I went to sunny Valencia to present App Inventor’s image classification work to researchers and educators at the International Technology, Education, and Development Conference (INTED).
App Inventor’s PersonalImageClassifier component allows users to easily add an image classification function to an app. Image classification is a machine learning process that teaches a computer to look at a picture and figure out what's in it. That’s how self-driving cars use cameras to "see" what's around them, recognizing things like traffic lights, stop signs, and other cars on the road. Image classification can also help doctors diagnose diseases by analyzing X-rays or MRI scans.
At App Inventor, we want to see if students can not only learn what image classification is, but also use it to solve real-world problems! You can do a tutorial on image classification here . The Personal Image Classifier training platform can be found here.
The training page for PersonalImageClassifier (PIC)
We tested with three college students.
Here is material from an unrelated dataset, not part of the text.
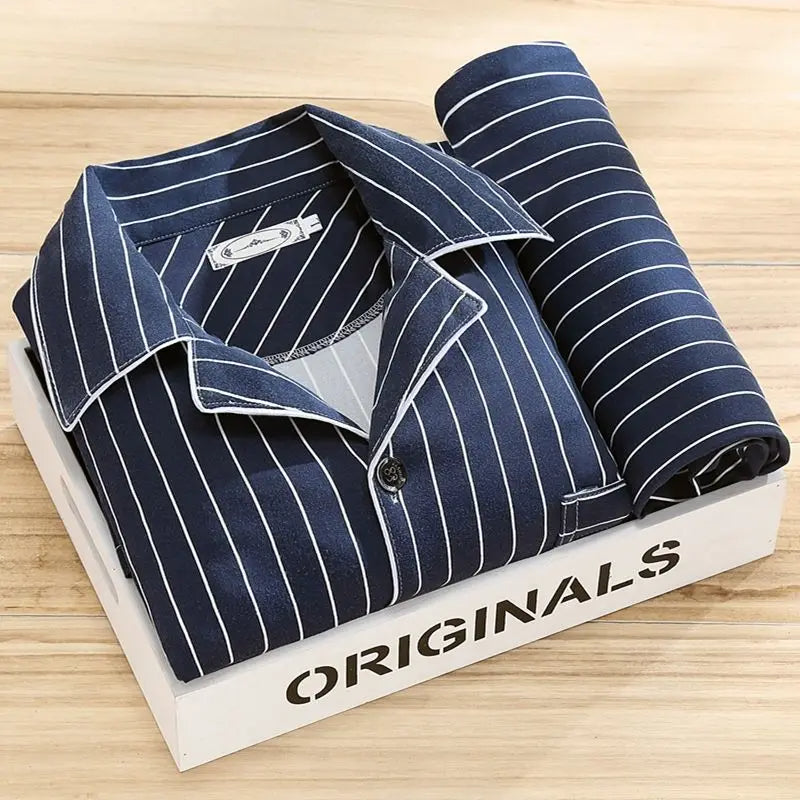 Side profile of man wearing classic button-up pyjamas for men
They learned one tutorial (see above) and we asked them to make an app using image classification to solve a problem. One student’s app detects an object and announces its name in a foreign language. Another student created a food nutrition app, which can recognize a food and provide its nutritional value. The third student imagined an app that could be useful in a science museum: by snapping a photo of a dinosaur image or full-size model, you could quickly have the app identify it and provide background information.
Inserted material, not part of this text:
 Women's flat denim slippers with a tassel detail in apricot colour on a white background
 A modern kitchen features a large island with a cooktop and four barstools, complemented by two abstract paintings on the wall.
Our three college student testers quickly came up with some wonderful app ideas
Other participants promptly came up with lots of ideas that could use App Inventor and image classification. One engineering researcher suggested a future app could one-day scan engineering drawings for faulty designs!
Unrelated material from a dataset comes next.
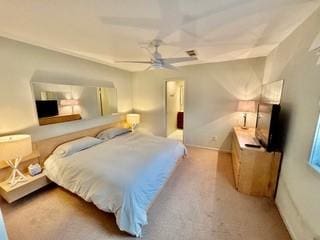 bedroom with ceiling fan and light carpet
I also enjoyed many of the other sessions. The ChatGPT lab was overflowing with enthusiastic educators and researchers! We played with ChatGPT and pondered its implications. In the keynote speech, it was interesting to hear how purpose increases student engagement and performance — an idea we heartily agree with and one that aligns with App Inventor’s computational action framework: (https://www.computationalaction.org/)
Here is part of a poem about Valencia written by ChatGPT, an exercise we did at the ChatGPT lab:
Valencia, land of orange groves,
Where the sweetest fruit abounds.
In the city's heart, a story unfolds,
Of history, culture, and vibrant sounds.
From the ancient gates of Torres de Serranos,
To the grandeur of the City of Arts and Sciences,
Valencia's beauty simply astounds,
With a timeless charm that never wanes.